Abstract

The NE–SW striking Derbugan Fault has been comprehensively accepted as a Mesozoic strike‐slip fault in Erguna Massif rather than a suture belt of Erguna and Xing'an massifs. The rocks exposed within the fault belt, which consist of Jiageda Formation and intrusions which have been multiply deformed and metamorphosed. These deformed rocks provide an ideal opportunity to understand the geodynamics of the uplift history and tectonic evolution of Derbugan Fault in Mongol‐Okhotsk regime and influence of the circum‐Pacific tectonic regime, particularly during the later stages of the Mongol‐Okhotsk Ocean collision. In this study, we report kinematics, meso‐microstructures, quartz EBSD analysis and geochronology data of the Jiageda Formation exposed within the Derbugan Fault belt in Cuogang area, Erguna Massif. The Jiageda Formation and granitic rocks have experienced regional metamorphism and deformation, and is mainly characterised by simple‐shear dominated general shearing with LS tectonites. Our new zircon U‐Pb data of mylonitic rocks from Cuogang area yielded ages between 381 to 401 Ma which was produced as a result of the subduction of the Paleo‐Asian Ocean. Deformed granitic intrusive formed in the Early Triassic (244.8 ± 5.6 Ma) was related to the southward subduction of the Mongol‐Okhotsk oceanic plate beneath the Erguna Massif. The Derbugan Fault represents a ductile to brittle deformation at decreasing crustal level due to the dominant oblique (subhorizontal) slip.
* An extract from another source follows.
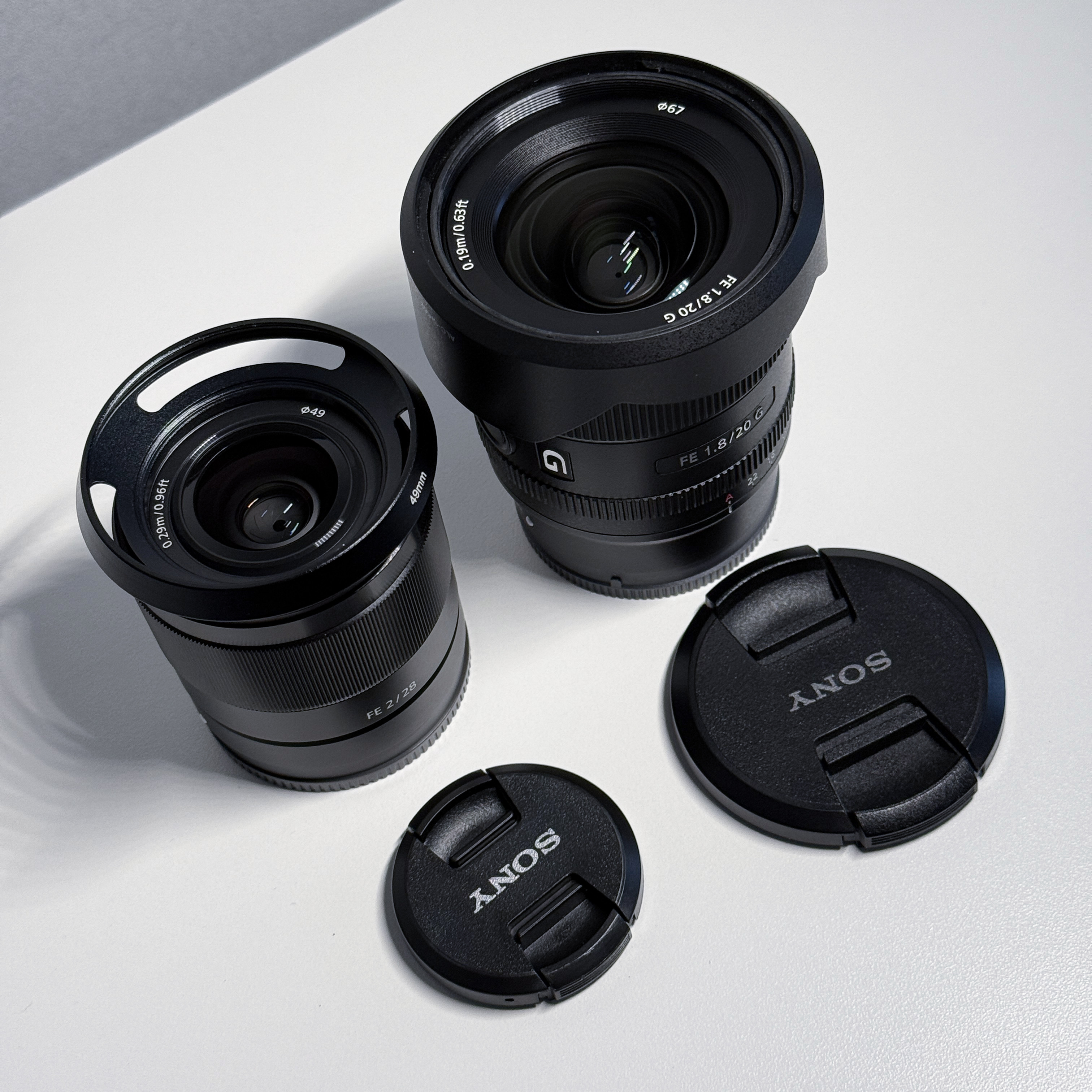 20mm와 28mm 렌즈의 필터 구경 차이를 보여주는 사진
The early sinistral strike‐slip deformation with a medium temperature between 450 and 550°C developed at a deep ductile regime resulted from NW–SE extension. The subsequent deformation was essentially brittle that corresponded to a low‐temperature deformation corresponded to a greenschist metamorphic facies. Crystallographic textures indicate a restricted recrystallisation of quartz mainly via dislocation creep through activation prismatic <a> slip and rhomb <a> slip system, with a later activation of basal <a> slip system. The Early Cretaceous extensional environment may consist with the main medium temperature deformation stage of Derbugan Fault, which was related to either delamination or upwelling of the thickened lithosphere of the Mongol‐Okhotsk tectonic regime, and rollback of the Paleo‐Pacific Plate.